Exercise instructions = Leaving out the pictures, return word for word the stretch of entries below from the line holding "Going one step" through the line holding "Take a look".

Stored items:
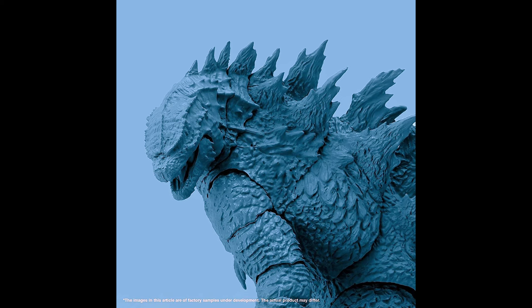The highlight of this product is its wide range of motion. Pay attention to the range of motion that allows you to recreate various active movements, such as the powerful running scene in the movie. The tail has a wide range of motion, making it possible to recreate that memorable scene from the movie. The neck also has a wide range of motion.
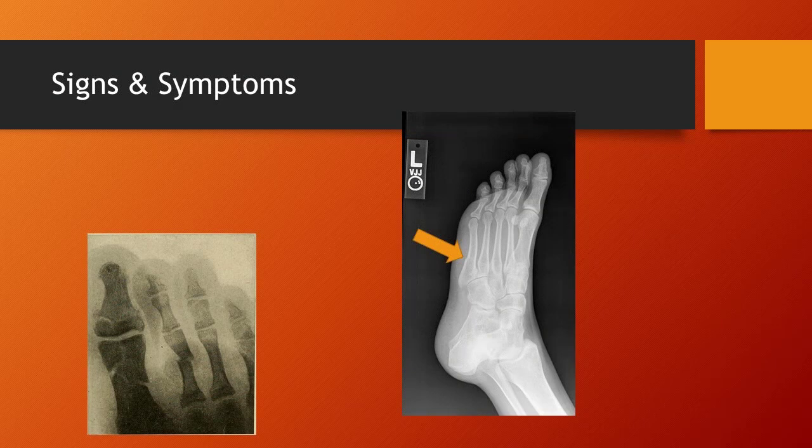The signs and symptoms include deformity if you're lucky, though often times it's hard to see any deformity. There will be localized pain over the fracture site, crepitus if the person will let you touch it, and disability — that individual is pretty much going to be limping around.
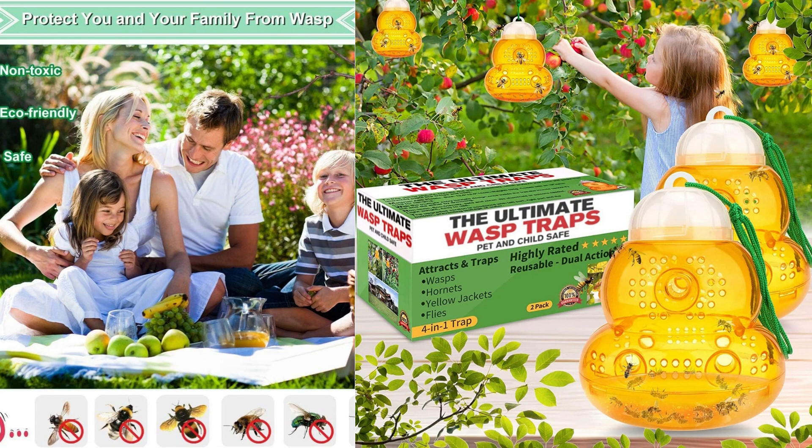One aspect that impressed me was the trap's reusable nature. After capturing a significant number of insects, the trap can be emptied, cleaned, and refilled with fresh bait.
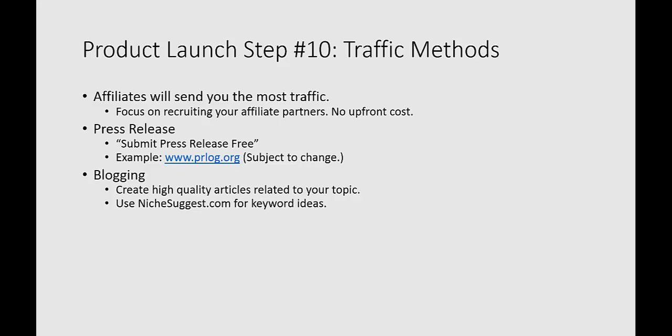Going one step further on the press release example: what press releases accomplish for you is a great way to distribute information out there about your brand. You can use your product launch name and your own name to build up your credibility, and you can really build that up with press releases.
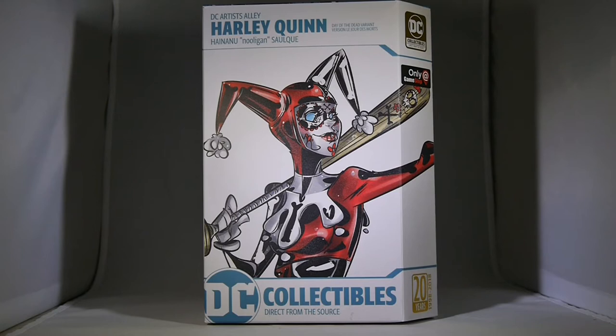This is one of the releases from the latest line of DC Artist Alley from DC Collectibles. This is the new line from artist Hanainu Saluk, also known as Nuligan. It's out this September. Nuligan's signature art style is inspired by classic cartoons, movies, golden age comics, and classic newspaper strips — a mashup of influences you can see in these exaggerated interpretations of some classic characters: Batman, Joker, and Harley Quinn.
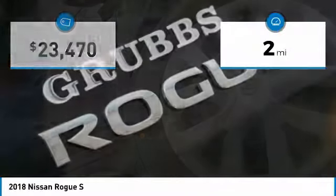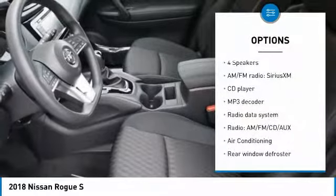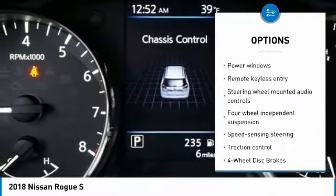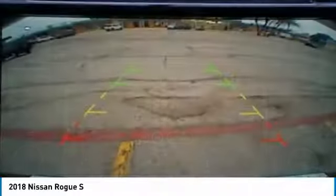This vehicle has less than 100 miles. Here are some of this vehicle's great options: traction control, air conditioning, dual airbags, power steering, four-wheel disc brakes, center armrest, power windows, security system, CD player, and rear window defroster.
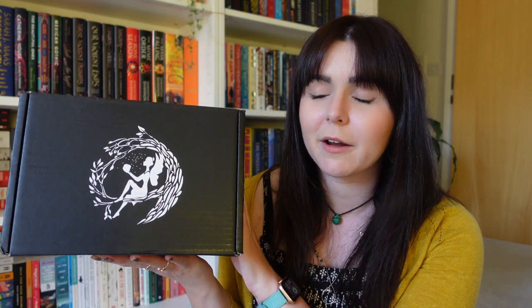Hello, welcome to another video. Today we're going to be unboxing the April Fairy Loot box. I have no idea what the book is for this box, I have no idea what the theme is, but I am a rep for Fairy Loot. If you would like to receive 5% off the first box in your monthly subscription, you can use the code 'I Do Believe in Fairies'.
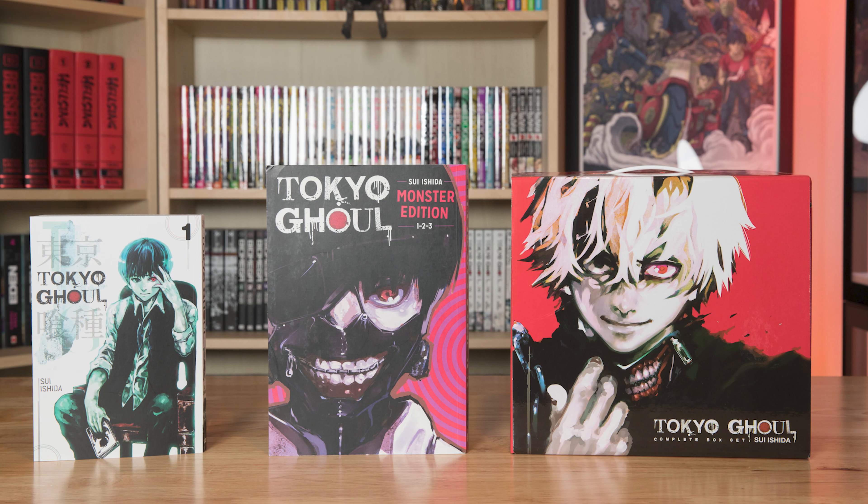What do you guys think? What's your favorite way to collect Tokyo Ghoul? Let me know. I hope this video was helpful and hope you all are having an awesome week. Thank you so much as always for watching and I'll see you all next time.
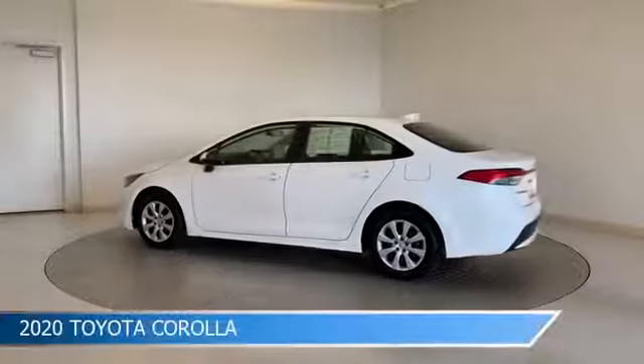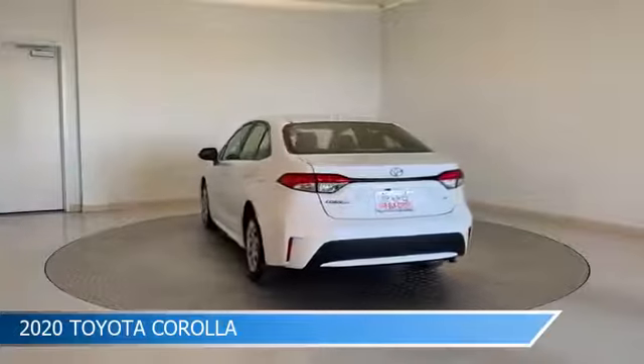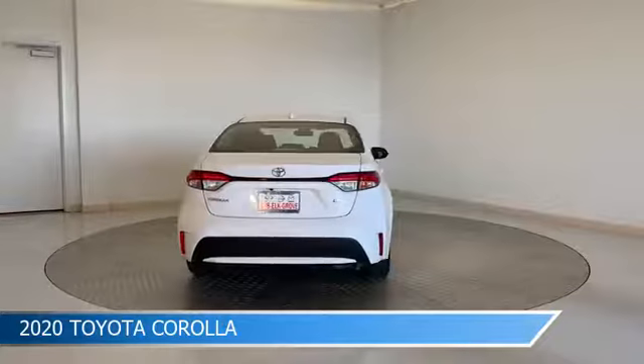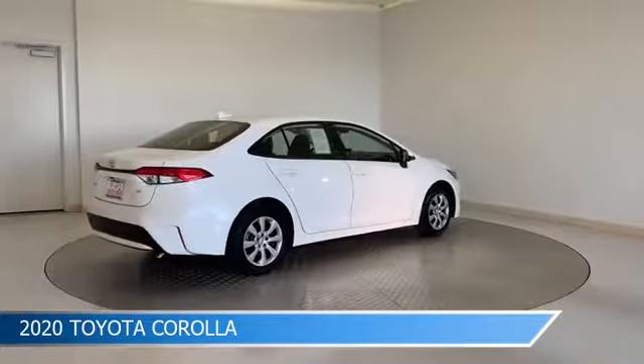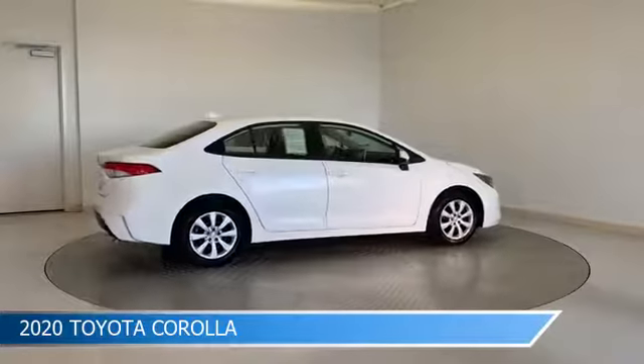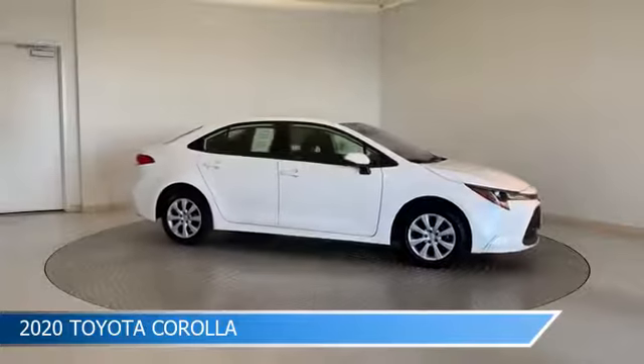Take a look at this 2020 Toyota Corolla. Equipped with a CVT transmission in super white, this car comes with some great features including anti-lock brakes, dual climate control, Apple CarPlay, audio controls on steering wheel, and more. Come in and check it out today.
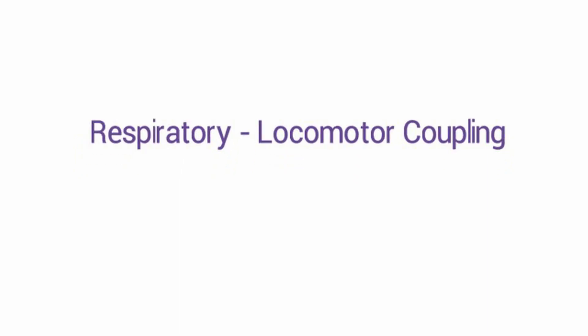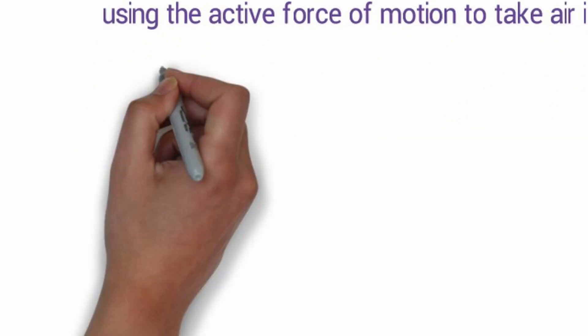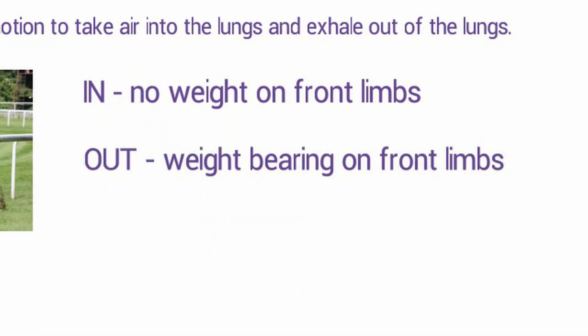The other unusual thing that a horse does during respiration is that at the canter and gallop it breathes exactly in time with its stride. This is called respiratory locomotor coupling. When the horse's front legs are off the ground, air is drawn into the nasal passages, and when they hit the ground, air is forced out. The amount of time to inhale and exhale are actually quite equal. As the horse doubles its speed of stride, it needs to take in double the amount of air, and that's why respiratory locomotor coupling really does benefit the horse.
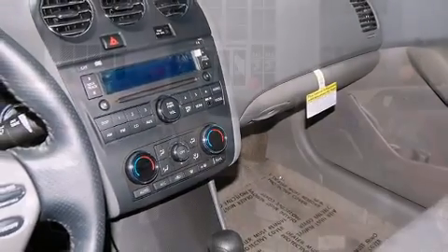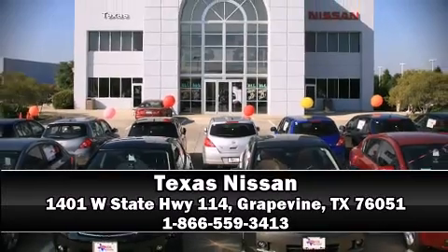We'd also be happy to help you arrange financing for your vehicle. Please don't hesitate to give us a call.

Solution for this exercise =
Going one step further on the press release example: what press releases accomplish for you is a great way to distribute information out there about your brand. You can use your product launch name and your own name to build up your credibility, and you can really build that up with press releases.
This is one of the releases from the latest line of DC Artist Alley from DC Collectibles. This is the new line from artist Hanainu Saluk, also known as Nuligan. It's out this September. Nuligan's signature art style is inspired by classic cartoons, movies, golden age comics, and classic newspaper strips — a mashup of influences you can see in these exaggerated interpretations of some classic characters: Batman, Joker, and Harley Quinn.
This vehicle has less than 100 miles. Here are some of this vehicle's great options: traction control, air conditioning, dual airbags, power steering, four-wheel disc brakes, center armrest, power windows, security system, CD player, and rear window defroster.
Hello, welcome to another video. Today we're going to be unboxing the April Fairy Loot box. I have no idea what the book is for this box, I have no idea what the theme is, but I am a rep for Fairy Loot. If you would like to receive 5% off the first box in your monthly subscription, you can use the code 'I Do Believe in Fairies'.
What do you guys think? What's your favorite way to collect Tokyo Ghoul? Let me know. I hope this video was helpful and hope you all are having an awesome week. Thank you so much as always for watching and I'll see you all next time.
Take a look at this 2020 Toyota Corolla. Equipped with a CVT transmission in super white, this car comes with some great features including anti-lock brakes, dual climate control, Apple CarPlay, audio controls on steering wheel, and more. Come in and check it out today.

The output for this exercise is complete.